El portero croata, que llegó al club con la intención de ser una opción real bajo los palos, no fue convocado para el partido de esta noche ante el Rayo Vallecano. La razón oficial: problemas de inscripción. Pero cuando un jugador no puede ni sentarse en el banquillo semanas después de su llegada, las preguntas se acumulan solas.
Lo más llamativo no es que Livakovic esté sin inscribir — eso tiene explicaciones administrativas y económicas conocidas — sino que ya se habla abiertamente de cederle. Es decir, el Barça estaría contemplando desvincularle temporalmente de su proyecto antes de haberle dado una sola oportunidad real. Eso dice bastante del estado actual de su situación en el club.
¿Qué sentido tiene fichar a un portero de nivel internacional si la hoja de ruta lleva directamente a la puerta de salida?

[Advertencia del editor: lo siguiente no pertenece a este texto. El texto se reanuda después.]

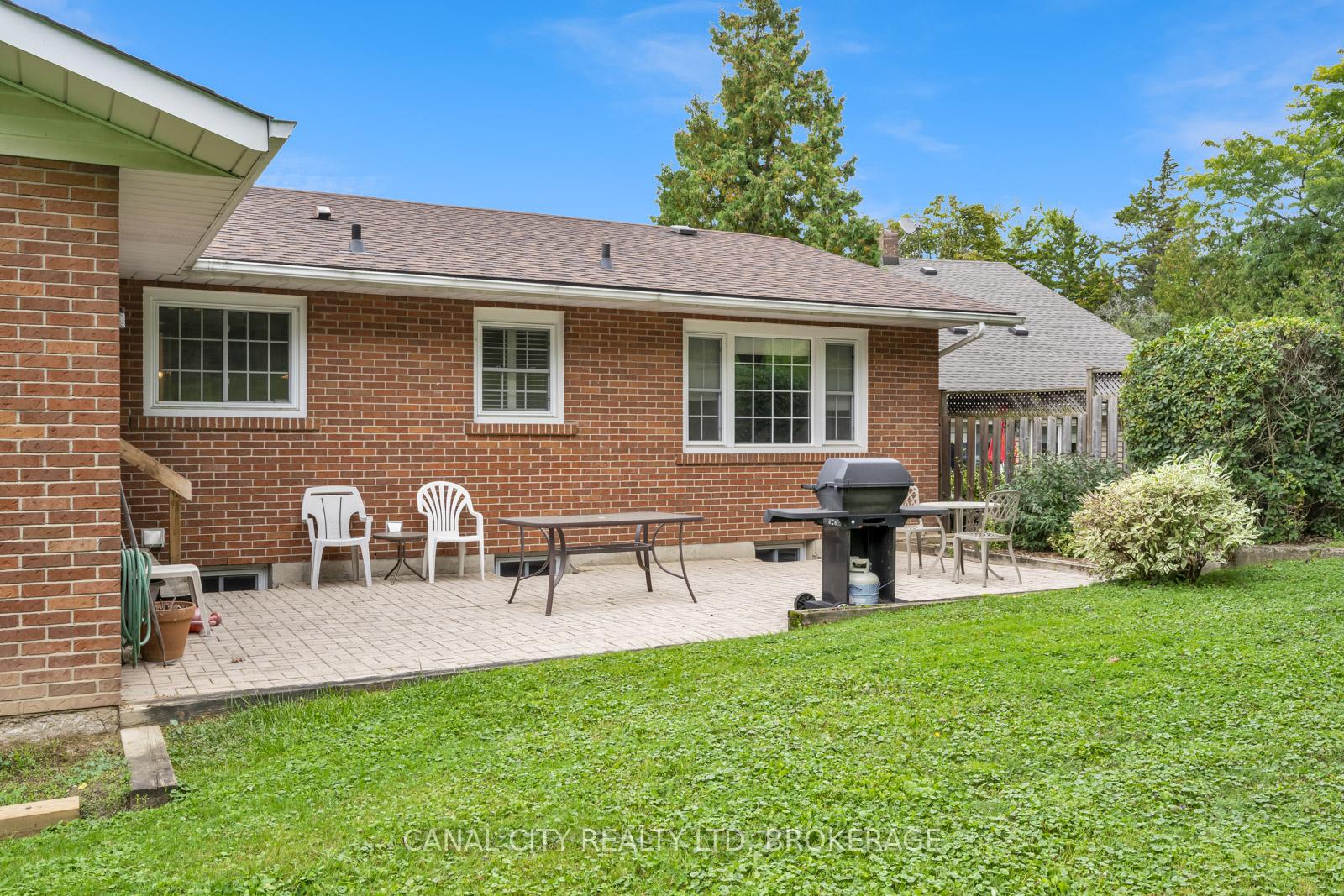 Photo 27 of 63 Mountain Street, St. Catharines, Burleigh Hill — HOMEH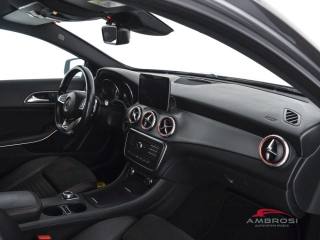 MERCEDES-BENZ GLA 200 usata 11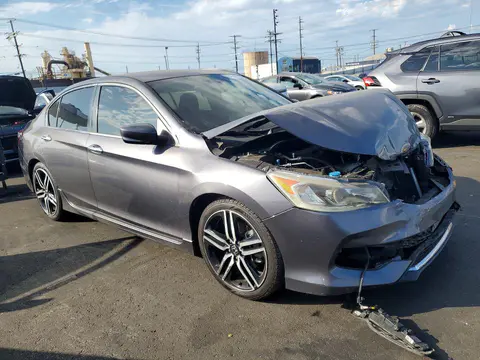 2017 Honda Accord VIN 1HGCR2F5XHA043818 фото 4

Hay dos lecturas posibles. La primera: el club lo trajo como cobertura puntual y nunca fue parte del plan a largo plazo. La segunda, más incómoda: la situación financiera del Barça sigue siendo tan delicada que ciertas incorporaciones se convierten en un problema de gestión antes de ser una solución deportiva.
Livakovic no es un guardameta cualquiera. Fue pieza fundamental en la selección croata en el último Mundial, donde se convirtió en uno de los porteros más destacados del torneo gracias a su actuación en los penaltis. Tiene experiencia europea y cartel suficiente para exigir protagonismo en cualquier equipo que le fichase. Que su historia en el Barcelona pueda reducirse a unos pocos meses de trámites burocráticos y luego una cesión es, como mínimo, una situación extraña.
Por ahora, todo está en el aire. La cesión aparece como alternativa, no como decisión cerrada. Pero el hecho de que ya esté sobre la mesa revela que su continuidad en el equipo está lejos de estar garantizada.
Si finalmente sale cedido, el Barça habrá protagonizado otro movimiento difícil de justificar desde el punto de vista deportivo. Y Livakovic habrá vivido uno de los capítulos más cortos y frustrantes de su carrera en un grande europeo.